▸ Directions for this task: Print the data once more, exactly as given. Drop the pictures.

▸ Data:
══════
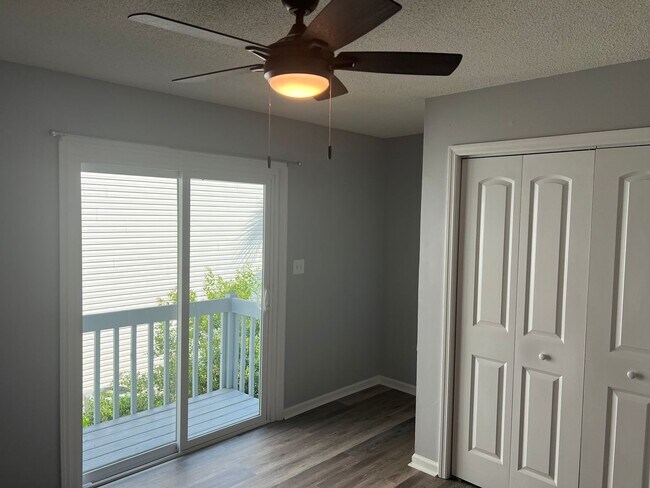 Building Photo - Walk to Beach! Newly Remodeled 2 Bedroom, ...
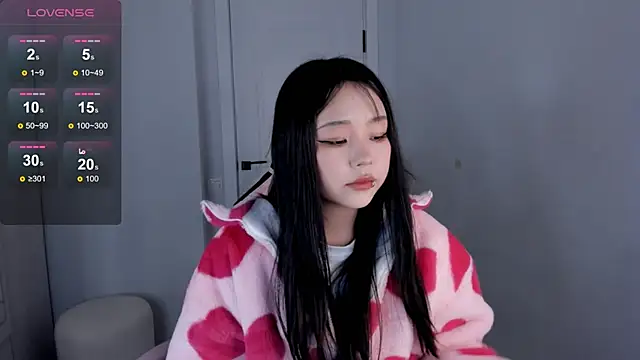 Snapshot of hee_young11 chatting on October 2, 2025, 9:55 pm hee young11 online show from October 2, 2025, 9:55 pm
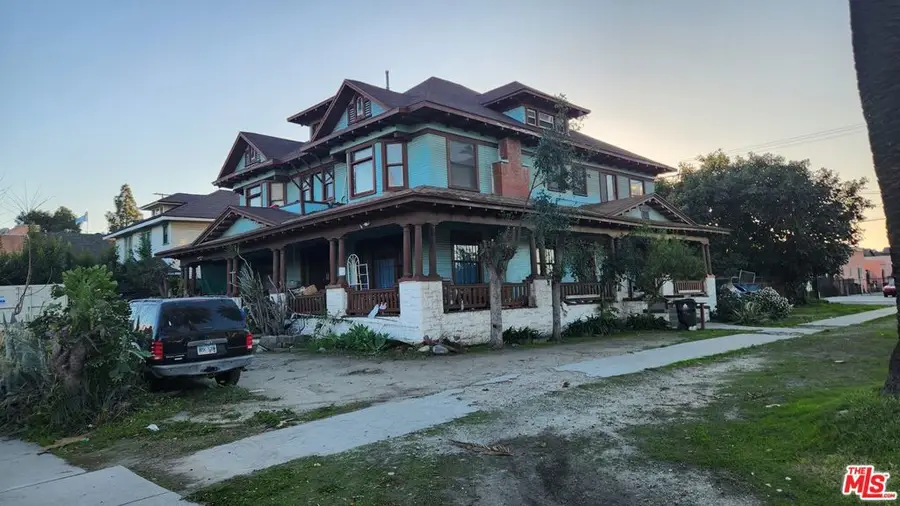 3977 S Budlong Avenue, Los Angeles, CA 90037 - Image #2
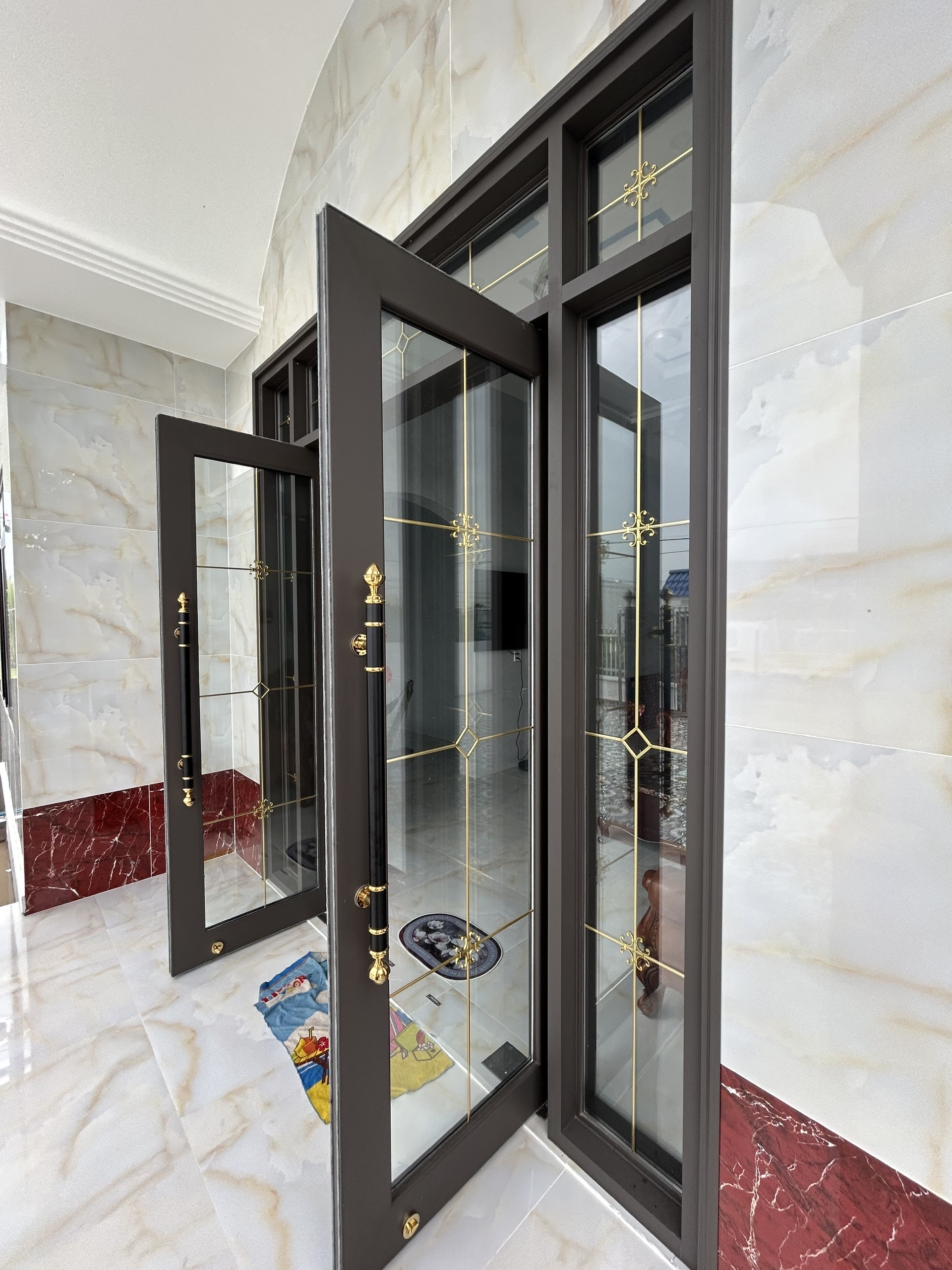 Cửa nhôm thủy lực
══════
▸ Result of the task:
 Building Photo - Walk to Beach! Newly Remodeled 2 Bedroom, ...
 Snapshot of hee_young11 chatting on October 2, 2025, 9:55 pm hee young11 online show from October 2, 2025, 9:55 pm
 3977 S Budlong Avenue, Los Angeles, CA 90037 - Image #2
 Cửa nhôm thủy lực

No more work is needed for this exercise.